## COLLECTED MATERIAL

◇ ◇ ◇ ◇ ◇

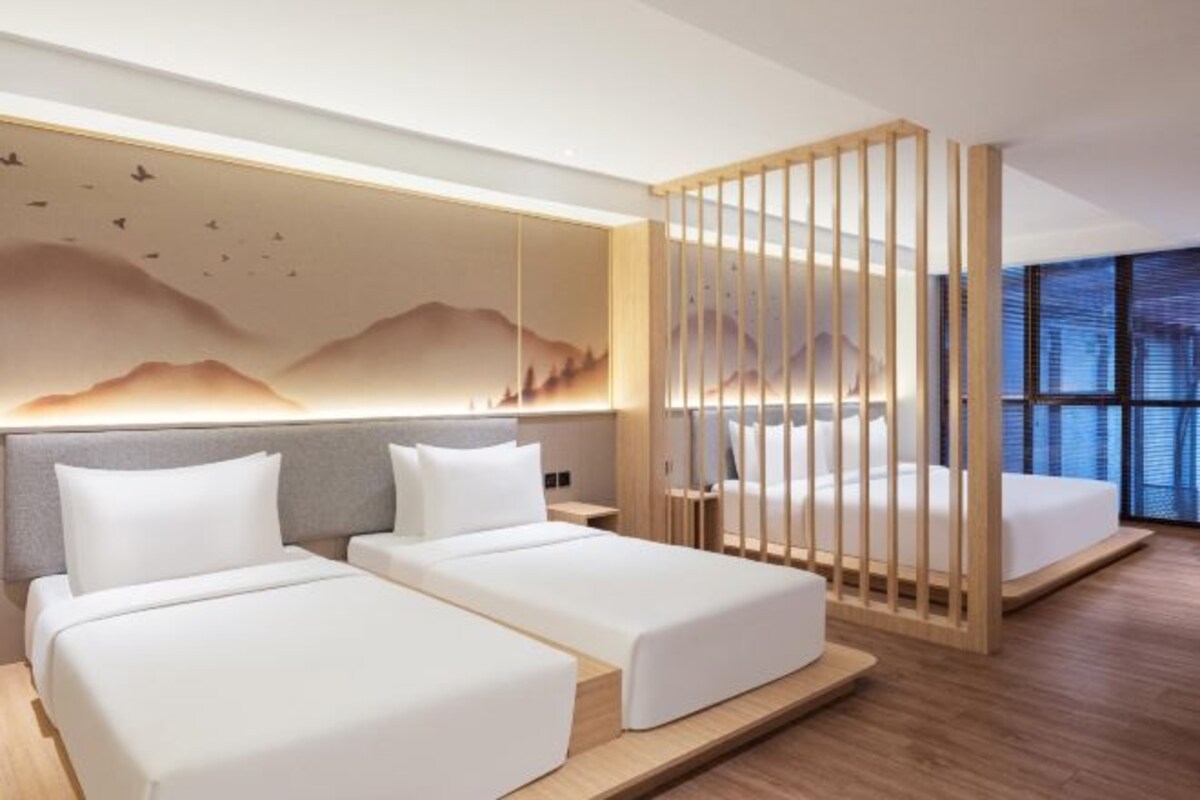 Una habitación de hotel moderna con dos camas individuales, un separador de madera y un ventanal con vistas a la ciudad.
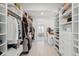 Expansive walk-in closet featuring custom shelving, drawers, and a vanity area at 873 Tupelo Bay Dr, Mount Pleasant, SC 29464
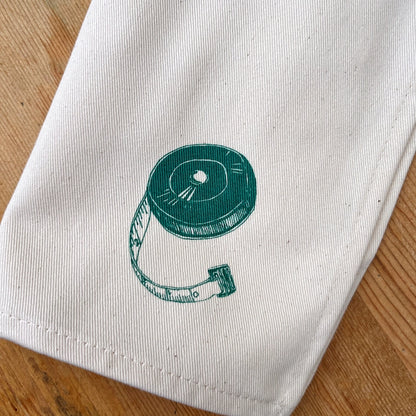 Set of 6 100% cotton Christmas Cracker Napkins by Lottie Day, featuring printed cracker prizes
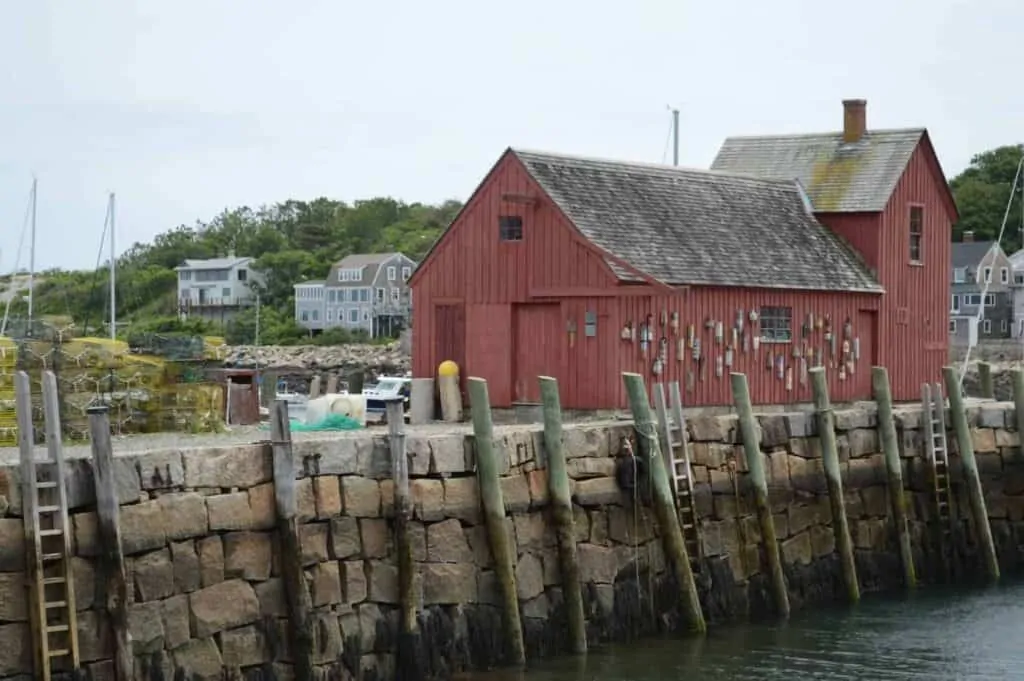 A red fishing shack is seen on a long stone pier with a coastal New England town beyond it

◇ ◇ ◇ ◇ ◇

## THE TASK
Could you transcribe exactly the lines from the one with "Set of 6 100%" through the end of the data, both ends included, and nothing else, skipping the pictures?

## WRITTEN ANSWER
 Set of 6 100% cotton Christmas Cracker Napkins by Lottie Day, featuring printed cracker prizes
 A red fishing shack is seen on a long stone pier with a coastal New England town beyond it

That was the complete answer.